Exercise: Pictures do not belong in the copy; retype the records below exactly.

Top of Available records

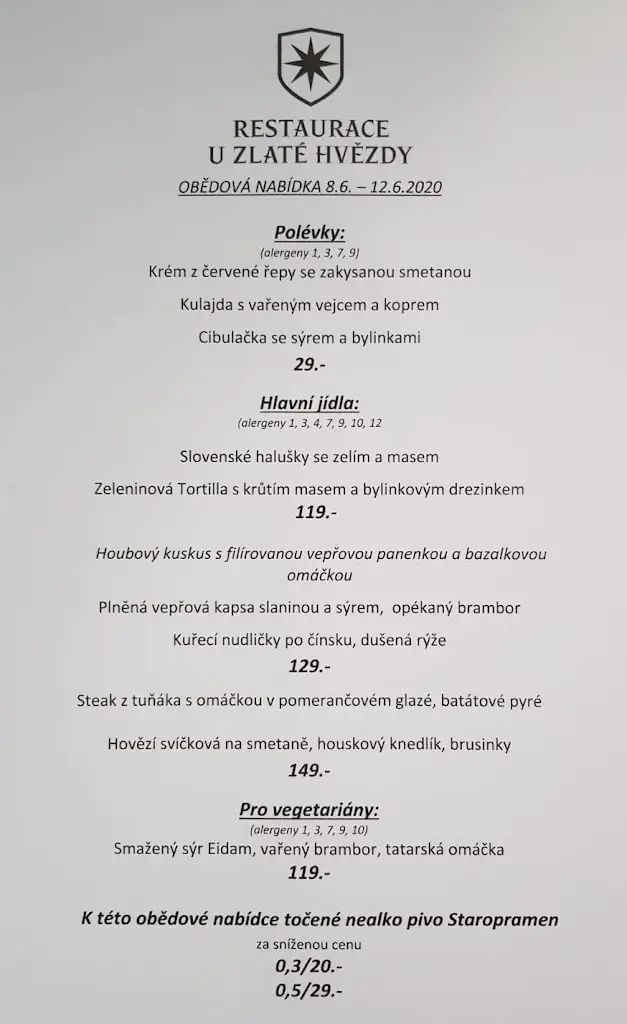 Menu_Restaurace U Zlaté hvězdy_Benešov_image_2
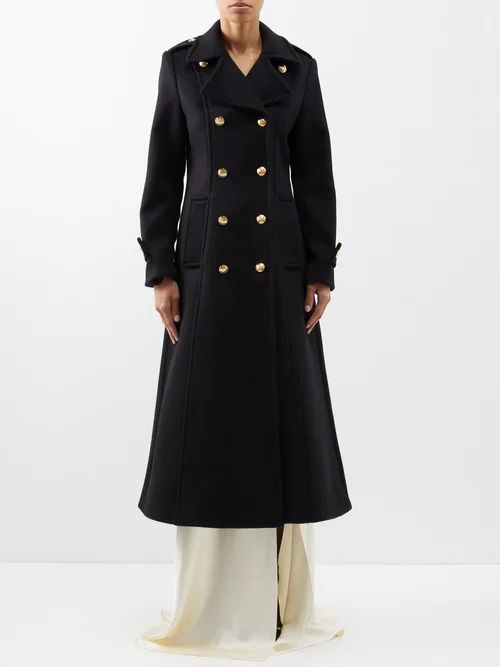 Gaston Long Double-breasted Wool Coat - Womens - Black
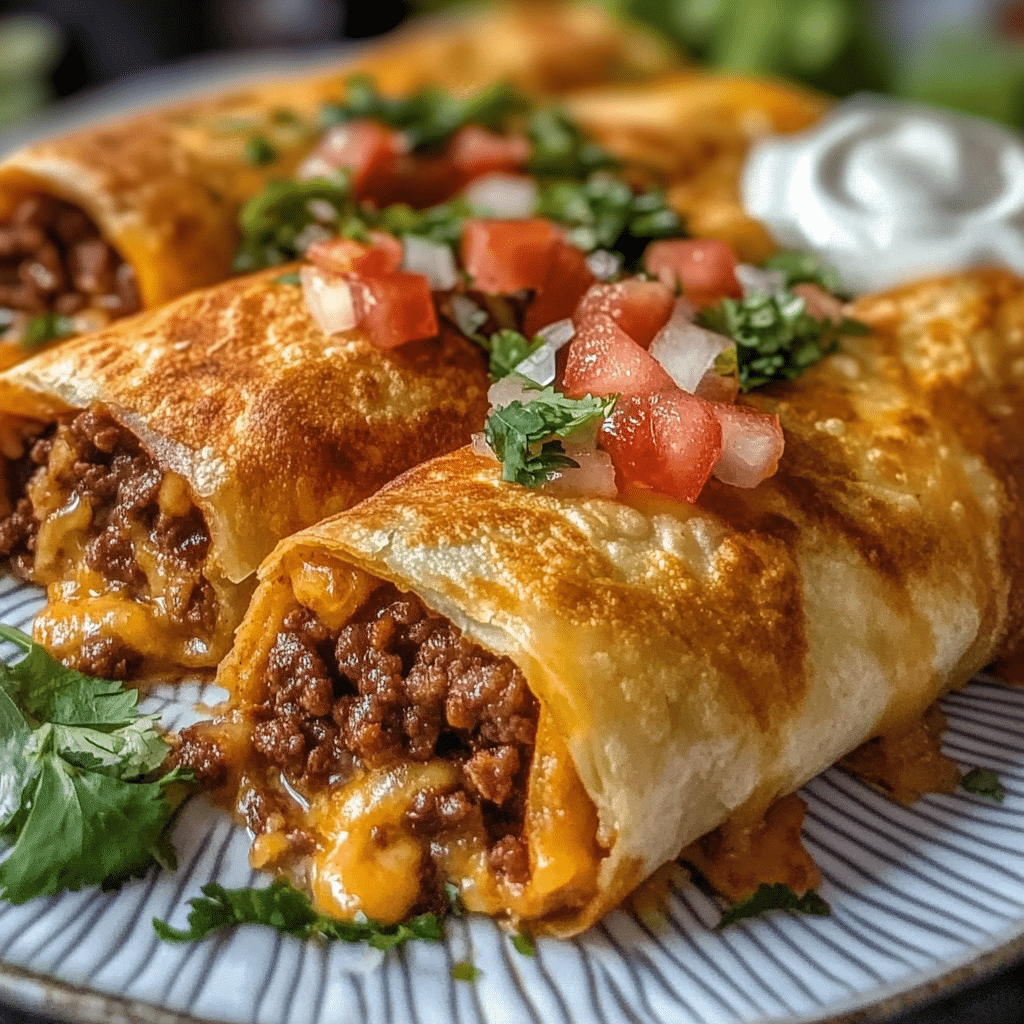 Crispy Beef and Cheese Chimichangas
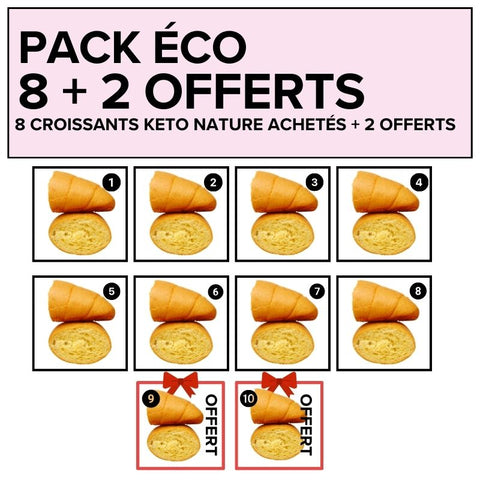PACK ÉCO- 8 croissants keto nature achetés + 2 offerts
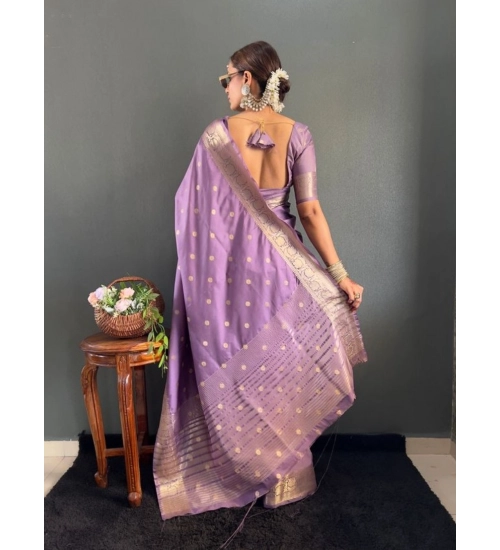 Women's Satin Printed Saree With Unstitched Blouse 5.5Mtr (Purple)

Bottom of Available records

Solved exercise:
 Menu_Restaurace U Zlaté hvězdy_Benešov_image_2
 Gaston Long Double-breasted Wool Coat - Womens - Black
 Crispy Beef and Cheese Chimichangas
PACK ÉCO- 8 croissants keto nature achetés + 2 offerts
 Women's Satin Printed Saree With Unstitched Blouse 5.5Mtr (Purple)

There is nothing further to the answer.